LION KINGS: Inept Syracuse offense limps to 28-7 loss at Penn State
STATE COLLEGE, Pa. – He held the bitterness back, biting his lip at every turn. Yes, this was Penn State, an overwhelming 29-point favorite. Yes, this was Happy Valley, a nightmare for any opponent. Syracuse was supposed to lose.
But not this way. That’s what stung Alec Lemon. Gripping his Subway bag a tad tighter, the freshman wide receiver shook his head and fought the frustration back.
‘We’re hurting ourselves, we’re beating ourselves,’ Lemon said. ‘It’s self-inflicted.’

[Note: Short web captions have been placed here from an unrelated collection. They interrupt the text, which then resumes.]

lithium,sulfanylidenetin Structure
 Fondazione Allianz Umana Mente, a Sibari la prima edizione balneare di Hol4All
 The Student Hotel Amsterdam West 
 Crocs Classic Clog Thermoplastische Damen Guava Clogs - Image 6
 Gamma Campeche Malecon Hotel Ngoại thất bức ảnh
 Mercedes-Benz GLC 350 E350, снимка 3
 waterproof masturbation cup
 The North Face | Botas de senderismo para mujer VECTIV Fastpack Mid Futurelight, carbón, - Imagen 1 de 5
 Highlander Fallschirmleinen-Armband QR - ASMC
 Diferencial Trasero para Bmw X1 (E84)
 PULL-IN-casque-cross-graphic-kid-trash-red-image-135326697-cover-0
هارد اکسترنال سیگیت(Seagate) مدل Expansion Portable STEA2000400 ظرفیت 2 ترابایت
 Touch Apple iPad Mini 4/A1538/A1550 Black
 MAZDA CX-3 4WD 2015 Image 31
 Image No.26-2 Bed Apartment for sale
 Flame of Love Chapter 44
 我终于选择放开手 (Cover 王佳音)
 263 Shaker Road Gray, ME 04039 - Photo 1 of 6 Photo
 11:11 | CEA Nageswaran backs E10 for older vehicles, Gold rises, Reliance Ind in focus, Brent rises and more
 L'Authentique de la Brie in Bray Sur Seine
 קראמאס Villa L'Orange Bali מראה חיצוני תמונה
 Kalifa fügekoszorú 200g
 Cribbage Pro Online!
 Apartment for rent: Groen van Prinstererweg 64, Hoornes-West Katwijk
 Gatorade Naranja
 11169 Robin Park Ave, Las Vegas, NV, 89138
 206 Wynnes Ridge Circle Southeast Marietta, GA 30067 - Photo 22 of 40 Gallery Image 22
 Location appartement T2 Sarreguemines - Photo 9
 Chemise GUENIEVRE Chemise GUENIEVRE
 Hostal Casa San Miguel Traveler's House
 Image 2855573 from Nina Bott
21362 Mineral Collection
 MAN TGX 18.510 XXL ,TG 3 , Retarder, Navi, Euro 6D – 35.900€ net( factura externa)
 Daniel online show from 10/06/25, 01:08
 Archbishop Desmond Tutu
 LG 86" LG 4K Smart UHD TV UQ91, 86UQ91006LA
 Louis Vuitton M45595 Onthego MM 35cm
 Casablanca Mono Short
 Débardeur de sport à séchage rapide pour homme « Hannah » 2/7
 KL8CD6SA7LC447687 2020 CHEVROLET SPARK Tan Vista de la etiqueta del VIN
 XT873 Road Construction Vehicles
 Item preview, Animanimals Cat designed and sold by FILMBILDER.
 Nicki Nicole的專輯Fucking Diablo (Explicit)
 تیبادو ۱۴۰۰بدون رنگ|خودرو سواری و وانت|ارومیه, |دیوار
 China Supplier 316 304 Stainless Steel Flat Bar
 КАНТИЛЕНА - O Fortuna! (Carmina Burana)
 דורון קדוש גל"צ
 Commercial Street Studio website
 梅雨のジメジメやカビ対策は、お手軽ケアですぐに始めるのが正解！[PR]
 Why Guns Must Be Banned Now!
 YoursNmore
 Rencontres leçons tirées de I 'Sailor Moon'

This was probably the best team it’ll face all season, but Syracuse pointed the finger squarely back at itself after Saturday’s 28-7 loss here at Beaver Stadium. Dropped passes, turnovers, misreads – a bevy of missed opportunities. The offense never found a rhythm against Penn State.
Syracuse head coach Doug Marrone did not want to engage in a firefight with Penn State (2-0). Considering the Nittany Lions powerful arsenal of offensive weapons, inviting a shootout would have been a death sentence. So Marrone kept it simple. He wanted to keep the game dull, keep Penn State’s offense off the field and hope to steal a win at the end.
Instead, miscues marred Syracuse (0-2).
‘The plan had merit to it,’ Marrone said. ‘The plan could have worked easily. We had to make more plays.’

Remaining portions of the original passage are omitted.